妻が送別の席でもらってきた切子ガラスの猪口がすごくきれい。酒を飲む器で、切子グラスが家にあるといいかもと前から思っていたのだが、高いし、買ってもどうせすぐ割るだろうし、まあいいかと思っていたのだが、やはりいいね。けっこう重みがあって、指の腹にしっとりと冷たく密着するガラスという物質の、厚みそのものに質感が感じられて、口内に運ぶ直前まで、中の液体をより研ぎ澄ませて送り届けてくれているような感じがするのだ。洗うのは恐いが、ワイングラスだって最近割ってないし、まあ大丈夫でしょう。あと贈り物はもう一つあって、あの超有名な、というかけっこうお高い吟醸酒が冷蔵庫にあって、うわすげえと思った。ていうか、最後の贈り物でこういうのをもらってくるあたり、酒好きが職場にバレ過ぎでしょと思うのだが、それでも結果的にはお手柄と言えよう。


たしかにこれは、美味しいですね。僕はでも、吟醸酒とか華やかな味わいの日本酒は、じつはふだんあまり好まないというか、もっと半値以下の辛口の本醸造酒の方がよっぽどいいじゃんとか思うのだが、でもこれはさすがに世間で話題になるだけのことはありますね。でものみやすいね。キチガイ水の輝き。注がれて注がれて、たちまちこの世から消えてしまった。


今朝見た夢。停車中のバスに乗っていると、車内アナウンスが流れる。何か変な、意味のわからない内容だったので、変だなと思っていると、どうもそれは、赤羽近辺のバス車内で流れる音声が、間違ってこのバス内に流れてしまったらしいということがわかる。なんだ、そんなことがあるのかと思っていると、運転手らしき人がバスに乗り込んできて、やけにはっきりした声で車内に向かって言う。


「ですね、では、そのようにしましょう。」


その直後、何か妙に嫌な予感がする。只ならぬ不安をおぼえる。思い切って決断する。立ち上がって下車した。外に出て、バスを見ていたら、扉が閉まって、バスが発車した。そのまま側壁に車体を擦りつけながら、前方の壁に衝突した。ゆっくりとバックして、また前進して、ふたたび壁に衝突した。側壁と車体の間に隙間が無いので、乗客は誰も降りられないはずだ。最悪だと思った。というか、もしかしたら、まだ妻がバスの中にいるんじゃなかっただろうかと思ってかなり焦る。
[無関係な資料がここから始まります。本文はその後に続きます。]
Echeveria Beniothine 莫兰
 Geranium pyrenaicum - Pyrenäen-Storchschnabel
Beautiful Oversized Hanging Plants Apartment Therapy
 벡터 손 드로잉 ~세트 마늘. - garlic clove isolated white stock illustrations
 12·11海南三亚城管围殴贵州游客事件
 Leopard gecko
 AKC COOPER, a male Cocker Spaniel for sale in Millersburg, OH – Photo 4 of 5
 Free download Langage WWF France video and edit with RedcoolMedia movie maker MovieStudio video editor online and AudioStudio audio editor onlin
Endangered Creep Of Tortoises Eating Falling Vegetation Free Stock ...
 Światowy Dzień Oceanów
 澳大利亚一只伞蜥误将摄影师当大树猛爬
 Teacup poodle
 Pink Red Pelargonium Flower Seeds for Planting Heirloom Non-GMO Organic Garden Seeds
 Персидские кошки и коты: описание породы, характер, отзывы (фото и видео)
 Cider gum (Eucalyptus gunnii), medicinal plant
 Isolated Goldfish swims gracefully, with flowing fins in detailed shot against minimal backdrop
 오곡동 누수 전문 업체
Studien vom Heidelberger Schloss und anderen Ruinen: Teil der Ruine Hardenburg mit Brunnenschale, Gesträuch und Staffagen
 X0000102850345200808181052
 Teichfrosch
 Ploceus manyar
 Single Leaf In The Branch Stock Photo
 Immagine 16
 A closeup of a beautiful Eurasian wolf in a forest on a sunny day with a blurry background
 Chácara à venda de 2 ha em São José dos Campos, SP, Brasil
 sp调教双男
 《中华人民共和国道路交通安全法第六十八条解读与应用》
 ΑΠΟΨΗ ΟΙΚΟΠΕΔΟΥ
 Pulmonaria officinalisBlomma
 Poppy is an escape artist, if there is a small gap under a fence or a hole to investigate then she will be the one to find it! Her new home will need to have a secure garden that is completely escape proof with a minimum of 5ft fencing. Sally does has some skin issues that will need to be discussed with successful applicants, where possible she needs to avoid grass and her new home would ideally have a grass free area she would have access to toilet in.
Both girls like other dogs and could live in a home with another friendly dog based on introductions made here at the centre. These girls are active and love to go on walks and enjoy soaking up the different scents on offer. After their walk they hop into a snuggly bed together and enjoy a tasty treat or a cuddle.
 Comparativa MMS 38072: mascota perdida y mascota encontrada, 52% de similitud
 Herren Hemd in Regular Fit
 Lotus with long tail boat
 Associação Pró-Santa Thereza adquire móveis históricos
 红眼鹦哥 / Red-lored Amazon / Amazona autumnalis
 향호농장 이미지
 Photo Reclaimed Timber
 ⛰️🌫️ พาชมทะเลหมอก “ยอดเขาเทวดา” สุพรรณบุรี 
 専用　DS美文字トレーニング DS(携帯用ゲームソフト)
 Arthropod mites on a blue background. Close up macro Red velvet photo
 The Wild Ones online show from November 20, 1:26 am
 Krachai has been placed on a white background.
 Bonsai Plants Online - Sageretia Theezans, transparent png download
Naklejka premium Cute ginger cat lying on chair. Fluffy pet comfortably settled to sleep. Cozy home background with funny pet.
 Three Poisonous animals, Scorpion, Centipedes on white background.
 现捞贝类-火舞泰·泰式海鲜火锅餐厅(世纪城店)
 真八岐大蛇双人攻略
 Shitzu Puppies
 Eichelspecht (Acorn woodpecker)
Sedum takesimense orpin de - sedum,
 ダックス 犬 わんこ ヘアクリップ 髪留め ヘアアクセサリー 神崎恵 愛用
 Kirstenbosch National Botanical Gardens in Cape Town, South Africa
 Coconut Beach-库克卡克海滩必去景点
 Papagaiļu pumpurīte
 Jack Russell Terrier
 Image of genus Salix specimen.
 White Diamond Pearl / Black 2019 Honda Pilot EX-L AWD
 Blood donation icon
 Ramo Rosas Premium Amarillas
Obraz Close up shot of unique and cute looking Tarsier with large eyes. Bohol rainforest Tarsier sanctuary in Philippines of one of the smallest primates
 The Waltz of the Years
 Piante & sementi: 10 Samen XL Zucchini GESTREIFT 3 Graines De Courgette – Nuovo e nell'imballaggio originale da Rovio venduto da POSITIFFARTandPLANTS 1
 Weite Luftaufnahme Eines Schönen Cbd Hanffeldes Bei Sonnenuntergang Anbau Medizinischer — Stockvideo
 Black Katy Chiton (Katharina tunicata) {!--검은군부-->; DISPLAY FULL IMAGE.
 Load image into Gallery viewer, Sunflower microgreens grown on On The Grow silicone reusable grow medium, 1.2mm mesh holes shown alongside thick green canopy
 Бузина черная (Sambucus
しばらくして、方向転換したバスが、僕の方に向き直って、そのまま近づいてきた。明らかに、僕に向かって来ていた。あ、どうしようと思う。右か左に逃げればいいのか、後ろへ走って逃げるか、どうしよう。隠れるいい場所があれば、それですぐに安全になる。でも何もなかったら、ひょっとするとこのまま逃げられないとしたら、最悪だ。モロに衝突されたら、それで死んでしまうのだろうか。でも、まだ何とか逃げられるんじゃないかと思っている。